Piet Post.
Piet Post. Foto: Maik Jansen

de familie Pompen, erwten plukken en de koe

De familie Pompen uit Wamel bestond uit veertien personen: vader, moeke en twaalf kinderen, negen jongens en drie meisjes. Ik heb veel bij de familie Pompen gelopen, vanaf ongeveer 1937 tot 1940.

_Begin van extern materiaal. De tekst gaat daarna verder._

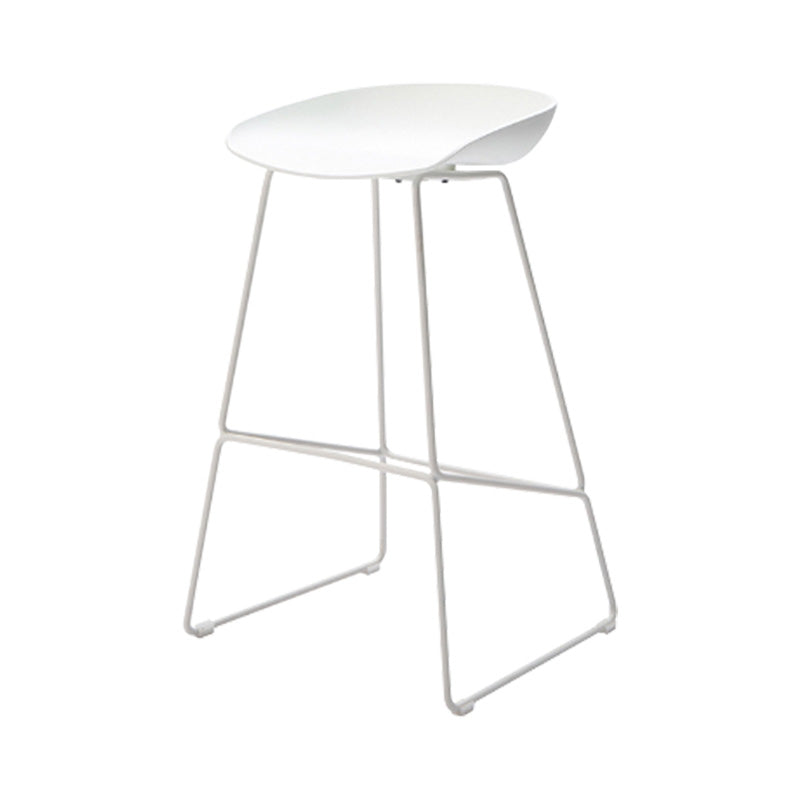Scandinavian Style Barstool Plastic Low Back Bar Stool with Footrest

Ze hadden een grote boerderij met varkens, een grote stal met melkkoeien en een open loopstal voor jongvee. Vader Pompen had overal grond liggen: aan de Hogeweg, aan de Dalenstraat, aan de Kooistraat en aan de Liestersteeg. Ze hadden wel acht of negen paarden op d'n deel in het achterhuis. Toen hadden ze geen auto's, wel een fiets of koets. Ze hadden ook een koetshuis dat helemaal volstond met koetsen. We hebben op d'n deel veel gevoetbald. Als de hooioogst begon, dan konden we heerlijk spelen, van de balken af springen in het losse hooi.

Een nat pak

Vader Pompen ging erwten telen. Die moesten allemaal met de hand geplukt worden, wat voor de kinderen leuk was om te doen. Toen de oogsttijd begon, moesten we 's morgens om 7 uur vertrekken. De wagen vol geladen met balken en wilgenmatten om over de sloot te leggen. Toen de brug was gelegd, bleek het geen succes. We kwamen allemaal in de sloot terecht. Allemaal een nat pak, maar we hadden wel mooi weer. We plukten veel erwten. Pompen was heel tevreden, omdat de erwten veel geld hadden opgebracht bij de veiling.

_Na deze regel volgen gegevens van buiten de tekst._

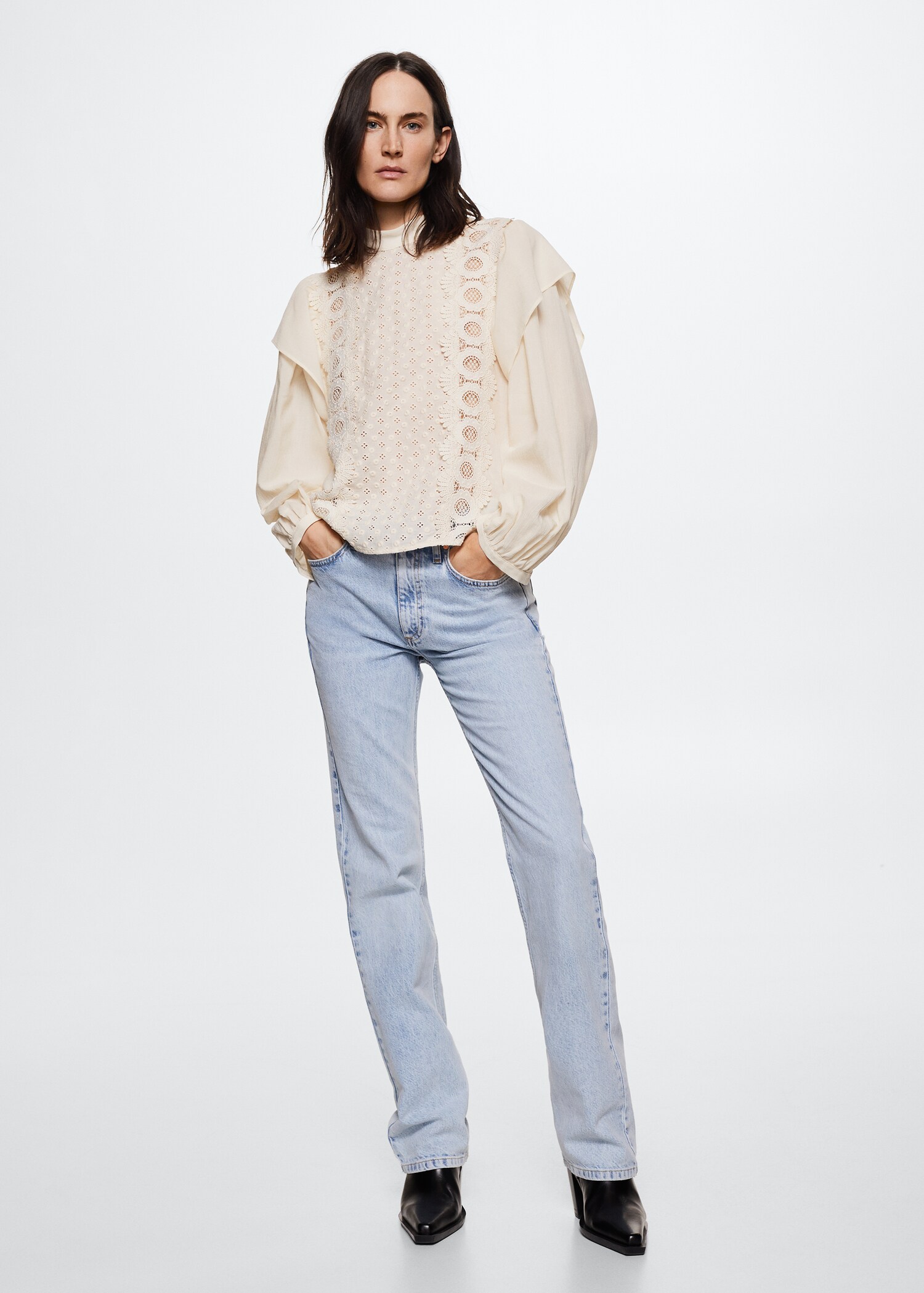 Blusa panel bordado - Plano general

Daarna hebben we nog weken erwten 'geplokken'. Het was heel warm weer. We hadden wel drinken bij ons, maar dat was gauw op. En we hadden veel dorst. Er liep een koe in de wei. De oplossing was dat we die koe gingen melken. Ik had met m'n tien jaar al een melkdiploma. 's Middags kwam de boer de koe melken die al gemolken was. Hij moest met een lege emmer naar huis.